● TASK DETAILS
A faithful copy is needed of the lines below from the one with "La Cafetière Cafetera" up to and including the one with "Pink Cardigan with Chicken Embroidery"; set it down with no pictures and no other lines.

● RECORDS SHOWN

══════

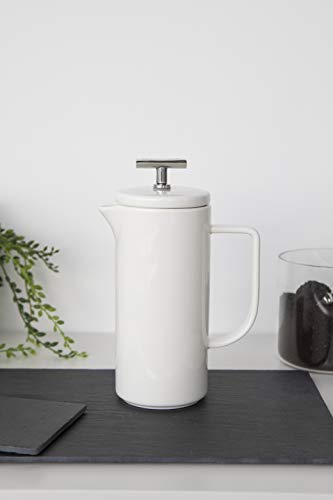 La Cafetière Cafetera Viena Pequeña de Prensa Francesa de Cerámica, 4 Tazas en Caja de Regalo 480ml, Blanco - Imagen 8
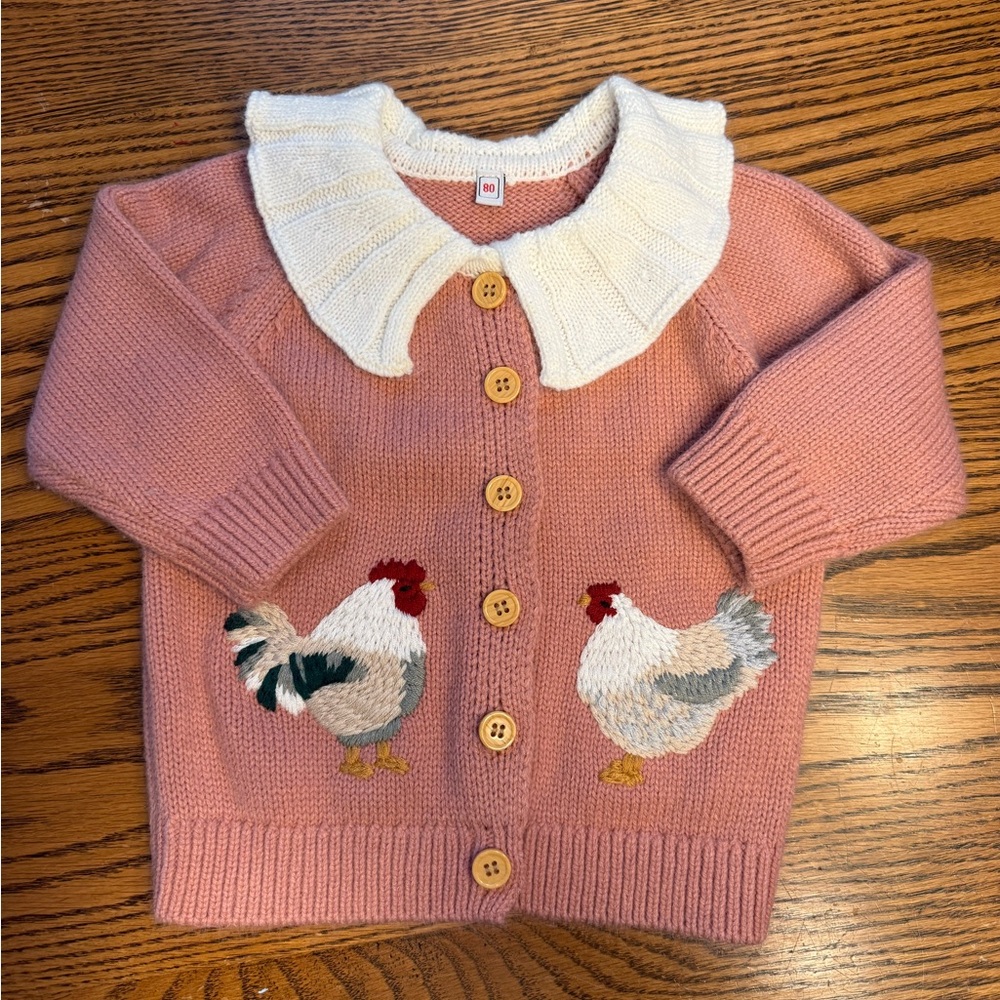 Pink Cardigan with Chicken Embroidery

══════

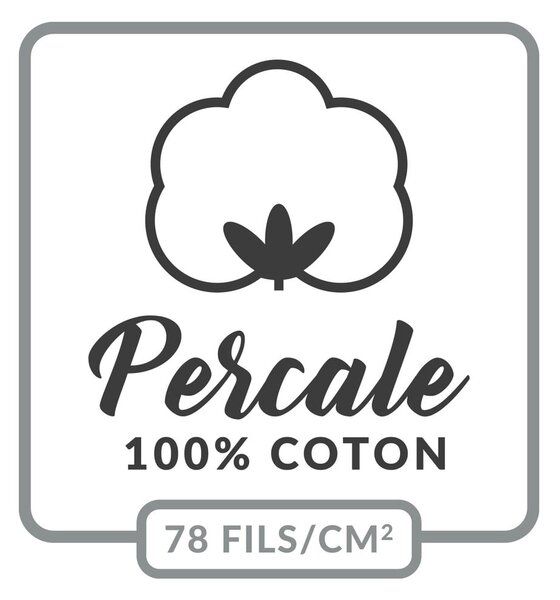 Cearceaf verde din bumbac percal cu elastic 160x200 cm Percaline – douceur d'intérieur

══════

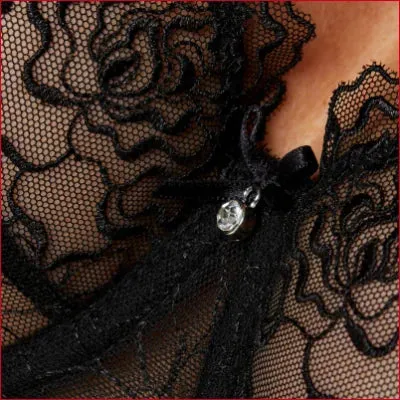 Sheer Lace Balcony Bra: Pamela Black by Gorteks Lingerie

══════

● RESPONSE TO THE TASK
 La Cafetière Cafetera Viena Pequeña de Prensa Francesa de Cerámica, 4 Tazas en Caja de Regalo 480ml, Blanco - Imagen 8
 Pink Cardigan with Chicken Embroidery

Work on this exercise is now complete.